#### Exercise details
Copy, with no pictures, the line that contains "Điều kiện cần có khi rút tiền 33Win" and each line after it down to the end of the entries below, exactly.

---*---

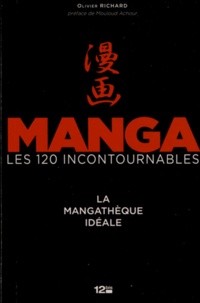Olivier Richard - Manga, les 120 incontournables - La mangathèque idéale.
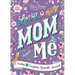 Love, Mom and Me: A Mother and Daughter Keepsake Journal
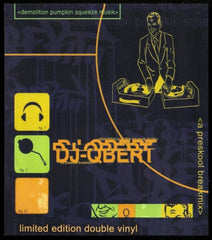 DJ Q-BERT - Demolition Pumpkin Squeeze Music A Preskool Breakmix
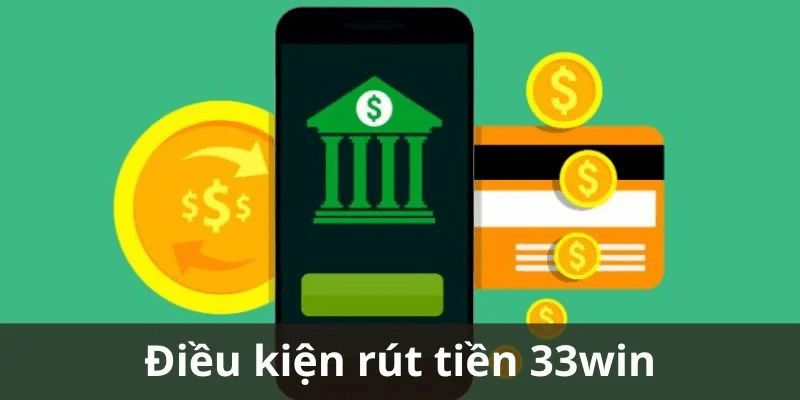 Điều kiện cần có khi rút tiền 33Win 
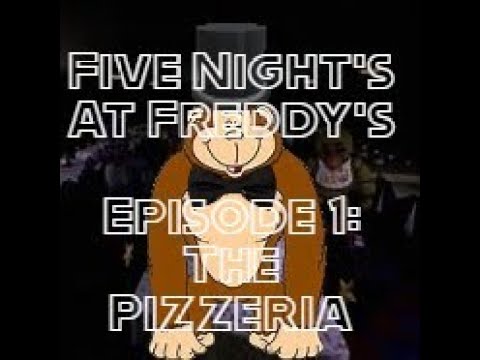 Five Nights at Freddy's Season 1 - Episode 1 - The Pizzeria (700 sub special)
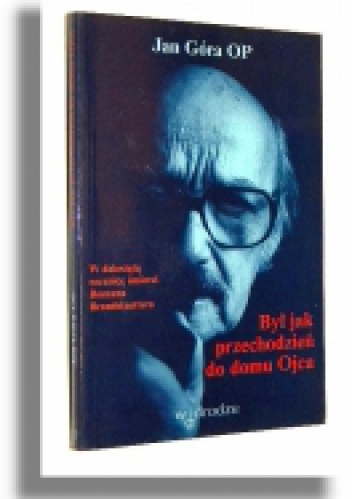 Okładka: Jan Góra - Był jak przechodzień do domu Ojca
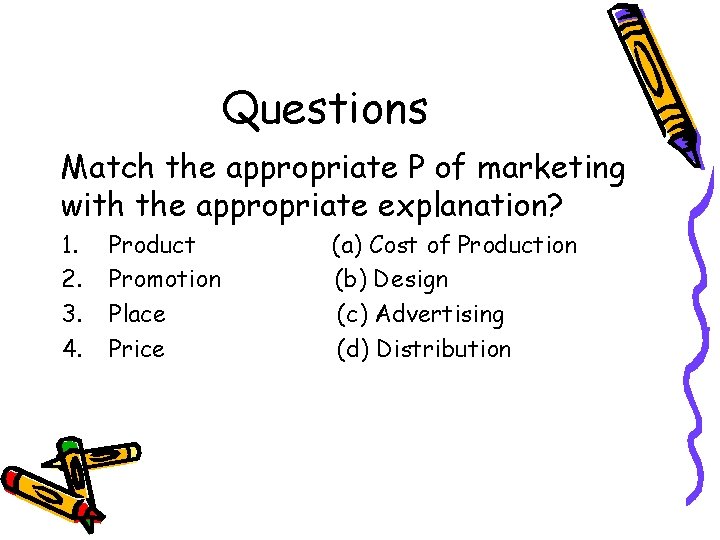 Questions Match the appropriate P of marketing with the appropriate explanation? 1. 2. 3.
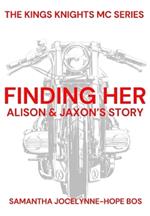Finding Her: Alison & Jaxon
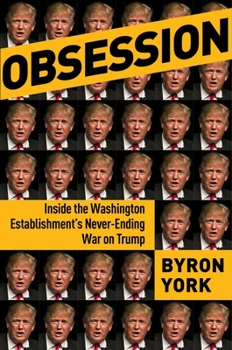 Hardcover Obsession: Inside the Washington Establishment's Never-Ending War on Trump Book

---*---

#### Reply to the exercise
 Điều kiện cần có khi rút tiền 33Win 
 Five Nights at Freddy's Season 1 - Episode 1 - The Pizzeria (700 sub special)
 Okładka: Jan Góra - Był jak przechodzień do domu Ojca
 Questions Match the appropriate P of marketing with the appropriate explanation? 1. 2. 3.
Finding Her: Alison & Jaxon
 Hardcover Obsession: Inside the Washington Establishment's Never-Ending War on Trump Book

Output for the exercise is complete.